Passing the Baton on the Reality Blog Award

Last week Matthew Wright awarded me the Reality Blog Award. I was surprised and, of course, delighted. Thank you, Matthew. His is my favorite, number-one most-read blog so it’s annoying I can’t turn around and nominate him for this award since nominating awesome bloggers is a part of the responsibility of winning it, but there you have it.

The award also requires me to answer several questions:

If you could change something what would you change? Well, I have to say I’m not in love with this whole mortality thing so if we could all live forever, well, that would be great.

If you could relive one day what would it be? This one was a stumper for me. I guess I don’t dwell much in the past. I’ve had wonderful days that I’d happily relive: the day I eloped to Chicago with my now-husband of 22 years, the day I gave birth to my only child, the first time I saw the Bavarian Alps when I was ten…but I guess I would have to choose, over all of them, any day with my Dad, gone now these past 25 years.

The one thing that scares you? A phone call in the middle of any night that my child isn’t sound asleep in his own bed in my house.

One dream you haven’t completed? I’m in the middle of my dream right now—making a living as a novelist.

If you could be someone else for a day, who would you be? Myself, twenty years younger.

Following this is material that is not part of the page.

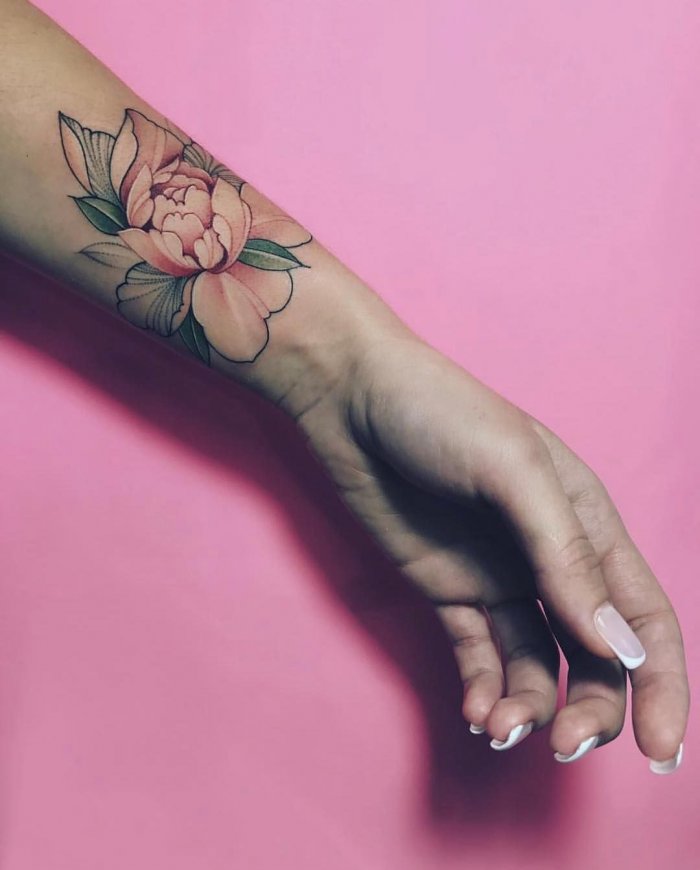 Тату цветы на руке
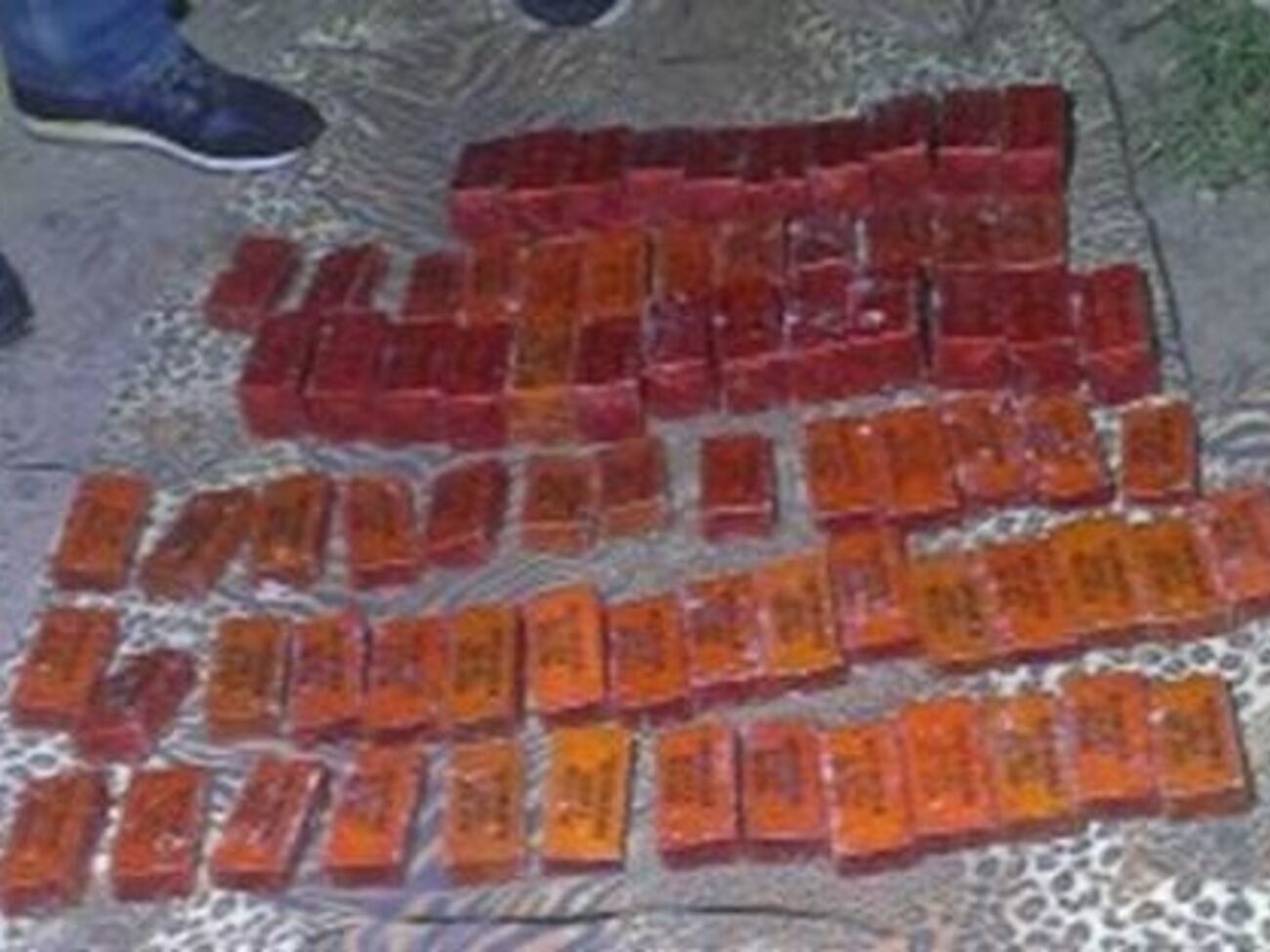 У задержанного военнослужащего изъяты 77 тротиловых шашек различного веса, которые он пытался продать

As for passing the award on, I’ve listed, below,  some blogs I regularly read. Some of these are about facts and insights on publishing or writing, some are amazingly spot-on revelations about life (Post Departum Depression—(Karen) who focuses on empty nesting, but the posts are usually true no matter where you are in life and not depressing at all (a lot of the time)), and France because of that whole life-long love affair thing I’ve got going on with it.

Merry Farmer

Julian East

Dean Wesley Smith

Post Departum Depression

David Lebovitz

Roni Loren

Easy Hiker

 

How NOT to use social media to sell your book

You know how you know you should keep your mouth shut or go ahead and write the blog but then not post it…but you do anyway? As a result of a few recent posters assertions on the benefits of social media to sell books, I find myself compelled to revisit the whole Social Media: Waste of Time or Important Way to Sell Your Books? argument. The bloggers that triggered this urge in me have recently reasserted their beliefs that creating a warm ‘n fuzzy social media clam bake of “good friends” can be effective in selling books.

I think that’s bollocks.

As I understand it, their basic tenet goes like this: the best way to use social media to sell books is to support each other as writers—instead of obnoxiously, repetitively hawking our wares. Just be nice and don’t overtly sell your books and eventually sales will come to you. Whether it’s via superficial friendships with other writers or infiltrating chat sites of likely prospective readers of your books, I have to say I still think using social media in this way to move books off the e-shelves is like pushing a pea up a hill with your nose. On a skateboard. Backwards.

Going a step further, I’m ready to stand up and announce after careful examination of the available facts and discussions with a lot of people who have sold a ton of books via Twitter, that I think social media might well be useful as a spamming tool to blanket the universe with your name and your latest release and trigger sales which, if the book is any good, might possibly spur a word of mouth thing. Okay, it’s obnoxious, I’ll grant you. But so are the commercials on television and every once in awhile they do alert you to something that might improve your life.

If you think spending time on Twitter or even Facebook telling people bits and pieces of your writing life is going to do SQUAT for your sales overall you are just plain DELUDED. (Sorry, didn’t mean to shout.)  And if you’re doing it for that reason, please do all of us—and yourself—a favor and sign off now. I’m not saying it’s not great to find an online community of like-minded people and if those people give you an atta-girl now and then, all the better. But if you are fooling yourself into believing that you are gathering a henhouse full of love that is going to rain down upon you when your time comes to release your next book then you are not only wasting a whole lot of time on something that won’t happen, but your main purpose for connecting with people is self-serving and devious. (Great basis for a friendship!)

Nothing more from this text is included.